Réunion du jeudi 11 avril 2024 à 10h00
Commission d'enquête sur le montage juridique et financier du projet d'autoroute a

Arnaud Gossement, avocat :

Le sentiment que la décision est prise avant la concertation découle de la chronologie : l'approbation du contrat de concession, obtenue à la fin de l'année 2022, est intervenue avant l'autorisation environnementale, qui est l'étape clé. Je ne doute pas de la sincérité de ceux qui ont organisé les débats, laquelle transparaît dans les comptes rendus que j'ai pu lire ; en outre, je ne souhaite pas réduire la contestation à quelques personnes car nombreux sont ceux à être légitimement inquiets du changement climatique : je comprends l'anxiété des jeunes sur le sujet, laquelle percute ces projets et notre droit. La légalité d'un projet ne doit pas nous dispenser de réfléchir à la révolution que nous vivons actuellement dans ce domaine.
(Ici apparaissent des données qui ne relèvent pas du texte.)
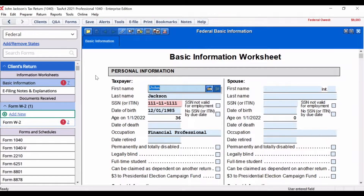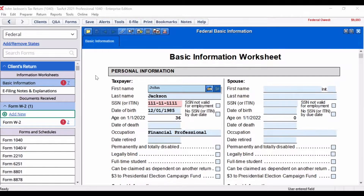Welcome to the TaxAct Professional software training video. This video will provide you with an overview of utilizing the tax calculator inside the TaxAct Professional software to help with tax planning. We will teach you how to access and use the tax calculator.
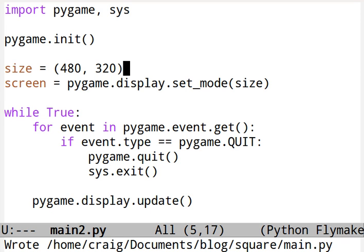Hi, it's Craig again. This is lesson two of the tutorials to learn Python and Pygame. These tutorials are aimed at teenagers. The first tutorial focused on the blank screen.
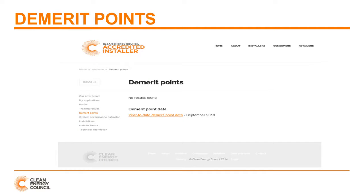Returning to the installer login area, underneath the training results section we looked at earlier is the link to demerit point information, where you can see allocated demerit points. In this example, the installer has not accrued any demerit points.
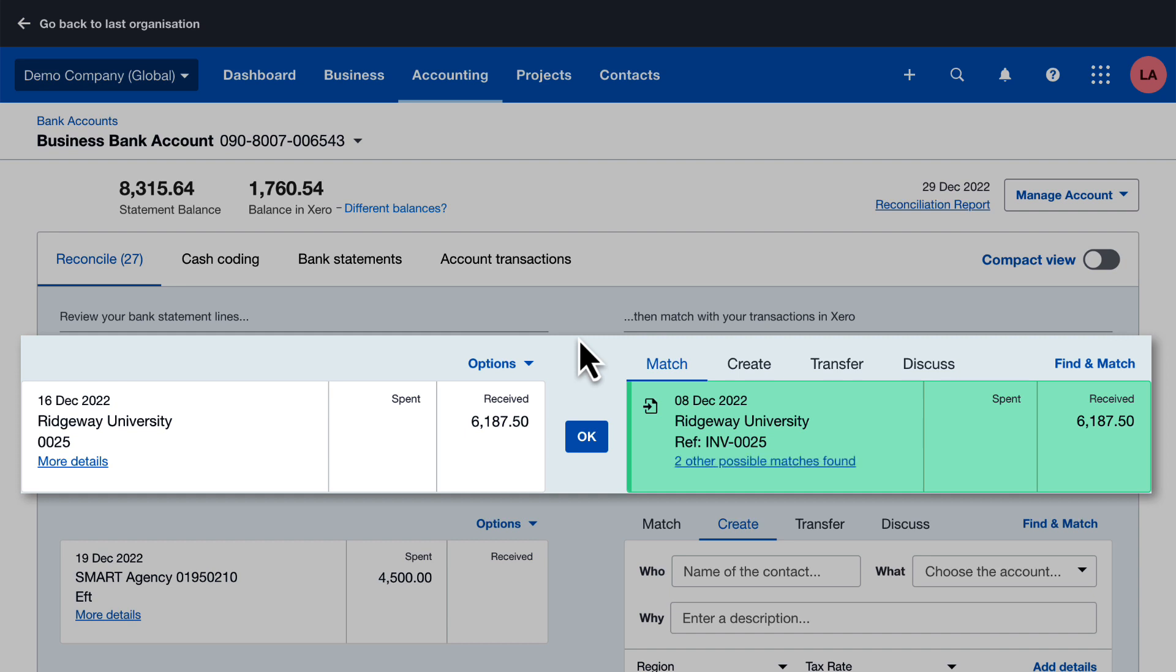If there's more than one transaction for the same amount, Xero looks at other information such as contact name and reference. If there's still more than one possible match, Xero suggests the one with the nearest date.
Oui, des décisions sont prises avant certaines concertations, non par mauvaise foi mais parce que la chronologie le commande. En prévoyant ces consultations en amont non du projet mais de la planification des besoins et du potentiel, le dialogue serait plus fécond. Les citoyens ne se déplacent pas pour participer aux enquêtes publiques sur les plans et les programmes et ne le font pas toujours pour les projets. Il y a lieu de rendre le débat sur la programmation plus attractif : on pourrait élaborer moins de plans mais les concevoir de manière plus panoramique ; il convient d'éviter le raisonnement en silos et la multitude des acteurs dans le schéma intégrateur dont je vous parlais.
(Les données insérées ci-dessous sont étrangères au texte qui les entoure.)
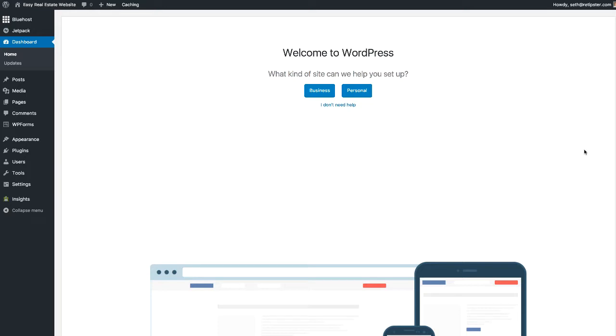Hey there, this is Seth from the REtipster blog and welcome to part two of how to create your own real estate website within WordPress.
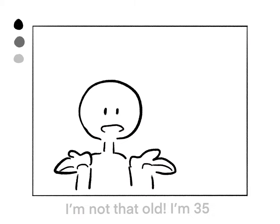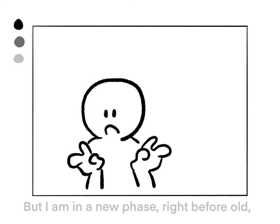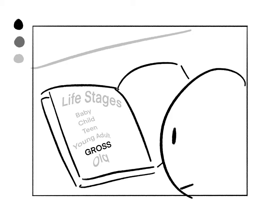I'm not that old. I'm 35. That is not old. But I am in a new phase, right before old, called gross. I never knew about this, but I am now gross.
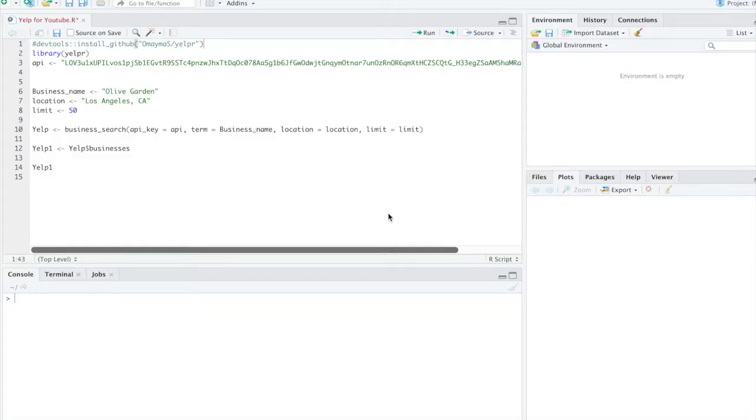Hello, this video is going to show you how to call the Yelp API using R.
Je ne propose pas que l'État procède à l'évaluation : sa réalisation doit rester du ressort du maître d'ouvrage mais de manière déconnectée. Une proposition, dont je ne suis pas à l'origine et qui est discutée depuis des années, vise à transférer le financement de l'évaluation du maître d'ouvrage vers un fonds, un éco-organisme ou une autorité administrative indépendante de l'État, ce dernier restant responsable de l'instruction du projet et de la décision. Le dispositif de l'éolien en mer s'approche d'un tel système ; on peut imaginer qu'une évaluation indépendante des besoins du territoire soit réalisée au stade de la planification par la puissance publique, puis que des personnes privées ou publiques lancent le projet. Il y aura toujours des contestations, mais la présence du maître d'ouvrage réduit le risque d'annulation devant le juge ; le juge administratif est très attentif à l'avis de l'autorité environnementale – si un préfet ne suit pas l'avis de cette dernière ou de ses services, le risque d'annulation est bien plus élevé. Il est possible d'accomplir de grands progrès sur l'évaluation environnementale, mais cela suppose de saisir vos collègues du Parlement européen, lequel s'apprête à être renouvelé.